F. Synthesis and validity spectrum
-
† Place these four methods, justifying each, on the NAS 2009 / PCAST 2016 validity spectrum (strong → discredited): single-source nuclear DNA (Chapter 7); honest fiber comparison (this chapter); microscopic hair comparison for association with a person (this chapter); bite-mark comparison (Chapter 16). Explain in one sentence why fiber and hair sit so far apart even though "both are class evidence under the same microscope."
-
Explain why the chapter calls the comparison microscope "the perfect emblem of the whole chapter." What is the single sentence (paraphrase it) that captures why the tool was never the problem?
-
In one paragraph, explain how this chapter advances at least two of the book's four themes (exclusion over proof; the validity spectrum; cognitive bias; the CSI effect cutting both ways).
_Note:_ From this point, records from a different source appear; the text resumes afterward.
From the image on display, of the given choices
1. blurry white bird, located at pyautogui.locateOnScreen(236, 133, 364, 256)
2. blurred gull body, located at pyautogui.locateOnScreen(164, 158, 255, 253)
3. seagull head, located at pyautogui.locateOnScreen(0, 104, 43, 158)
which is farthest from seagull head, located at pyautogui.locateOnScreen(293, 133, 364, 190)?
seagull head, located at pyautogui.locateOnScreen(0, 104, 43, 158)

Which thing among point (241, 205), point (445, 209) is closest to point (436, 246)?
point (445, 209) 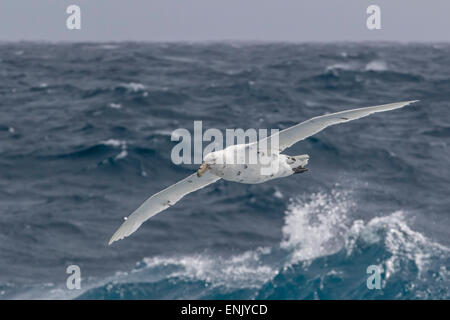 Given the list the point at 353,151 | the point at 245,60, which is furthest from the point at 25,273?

Name which themes and how.
-
The chapter argues that "a method with no measured error rate, operated inside a system that knows the answer it wants, will drift toward that answer and call the drift science." Show how this single sentence connects the hair scandal (§19.3) to the fingerprint chapter's Brandon Mayfield case (Chapter 14) and to the bias chapter (Chapter 31).
G. Cold-case extension
-
† Cold Case. Using only what the trace evidence in this chapter's Case File establishes (the fibers and the hair), write the two entries you would add to the Mill Creek evidence log (Appendix I). For each item state (a) the defensible inference at its true strength, (b) the honest verb, (c) at least two things the item specifically does not establish, and (d) why you decline to attach Roy Keller's name to it as a conclusion at this stage.
-
Cold Case extension. The Case File notes what would strengthen the trace. Propose, for the fibers and for the hair separately, one concrete additional finding that would honestly increase the weight of each association, and explain what each would add and why.
-
Cold Case, integrative. The chapter says, "in 1995, this hair might have 'matched' Roy Keller, and that sentence would have been a lie. In our file, it does not." Explain what the post-2015 examiner did differently with the same hair, and name the two later chapters whose evidence (not the hair) would actually be needed to tie a person to the cabin.
H. Short writing
-
In 150–200 words, explain to a juror why a hair on a victim's body "sounds like proof" but, by visual examination alone, usually is not — and what single thing (from Chapters 7–8) can change that.
-
† In 150–200 words, contrast the validity foundations of honest fiber comparison with those of microscopic hair comparison: what does each rest on, where is each strong, and why did one discipline learn to state its conclusions at their true strength while the other, for decades, did not?